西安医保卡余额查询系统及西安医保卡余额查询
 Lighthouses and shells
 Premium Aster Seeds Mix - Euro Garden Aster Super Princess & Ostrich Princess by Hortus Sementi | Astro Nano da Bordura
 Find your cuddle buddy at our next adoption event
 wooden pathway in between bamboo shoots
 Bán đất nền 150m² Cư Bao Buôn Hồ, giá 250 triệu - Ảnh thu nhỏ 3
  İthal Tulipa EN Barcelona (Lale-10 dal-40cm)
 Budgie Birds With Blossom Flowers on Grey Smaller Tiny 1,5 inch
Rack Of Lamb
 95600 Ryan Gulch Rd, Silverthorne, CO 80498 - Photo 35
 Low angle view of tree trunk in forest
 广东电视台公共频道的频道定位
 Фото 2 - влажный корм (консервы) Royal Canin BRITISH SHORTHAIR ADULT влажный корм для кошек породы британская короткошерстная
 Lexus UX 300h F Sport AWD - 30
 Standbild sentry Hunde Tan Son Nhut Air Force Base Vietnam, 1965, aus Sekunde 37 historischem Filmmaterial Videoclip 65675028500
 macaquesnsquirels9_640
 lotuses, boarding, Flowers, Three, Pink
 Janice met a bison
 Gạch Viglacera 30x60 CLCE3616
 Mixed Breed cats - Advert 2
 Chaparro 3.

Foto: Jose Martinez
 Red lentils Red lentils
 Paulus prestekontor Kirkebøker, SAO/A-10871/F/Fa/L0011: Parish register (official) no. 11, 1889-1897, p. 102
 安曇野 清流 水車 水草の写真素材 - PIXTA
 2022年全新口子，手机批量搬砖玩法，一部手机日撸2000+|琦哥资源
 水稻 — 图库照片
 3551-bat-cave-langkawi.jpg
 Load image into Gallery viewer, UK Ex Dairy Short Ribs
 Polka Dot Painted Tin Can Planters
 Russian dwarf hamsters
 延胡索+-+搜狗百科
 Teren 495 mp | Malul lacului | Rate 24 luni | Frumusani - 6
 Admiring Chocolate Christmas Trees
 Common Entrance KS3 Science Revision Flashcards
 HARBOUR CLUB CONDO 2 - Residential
-=-=-=-=-
What you should do. Up to and including the line with "Admiring Chocolate Christmas Trees", please return the records exactly, beginning from their first line.

Reply.
西安医保卡余额查询系统及西安医保卡余额查询
 Lighthouses and shells
 Premium Aster Seeds Mix - Euro Garden Aster Super Princess & Ostrich Princess by Hortus Sementi | Astro Nano da Bordura
 Find your cuddle buddy at our next adoption event
 wooden pathway in between bamboo shoots
 Bán đất nền 150m² Cư Bao Buôn Hồ, giá 250 triệu - Ảnh thu nhỏ 3
  İthal Tulipa EN Barcelona (Lale-10 dal-40cm)
 Budgie Birds With Blossom Flowers on Grey Smaller Tiny 1,5 inch
Rack Of Lamb
 95600 Ryan Gulch Rd, Silverthorne, CO 80498 - Photo 35
 Low angle view of tree trunk in forest
 广东电视台公共频道的频道定位
 Фото 2 - влажный корм (консервы) Royal Canin BRITISH SHORTHAIR ADULT влажный корм для кошек породы британская короткошерстная
 Lexus UX 300h F Sport AWD - 30
 Standbild sentry Hunde Tan Son Nhut Air Force Base Vietnam, 1965, aus Sekunde 37 historischem Filmmaterial Videoclip 65675028500
 macaquesnsquirels9_640
 lotuses, boarding, Flowers, Three, Pink
 Janice met a bison
 Gạch Viglacera 30x60 CLCE3616
 Mixed Breed cats - Advert 2
 Chaparro 3.

Foto: Jose Martinez
 Red lentils Red lentils
 Paulus prestekontor Kirkebøker, SAO/A-10871/F/Fa/L0011: Parish register (official) no. 11, 1889-1897, p. 102
 安曇野 清流 水車 水草の写真素材 - PIXTA
 2022年全新口子，手机批量搬砖玩法，一部手机日撸2000+|琦哥资源
 水稻 — 图库照片
 3551-bat-cave-langkawi.jpg
 Load image into Gallery viewer, UK Ex Dairy Short Ribs
 Polka Dot Painted Tin Can Planters
 Russian dwarf hamsters
 延胡索+-+搜狗百科
 Teren 495 mp | Malul lacului | Rate 24 luni | Frumusani - 6
 Admiring Chocolate Christmas Trees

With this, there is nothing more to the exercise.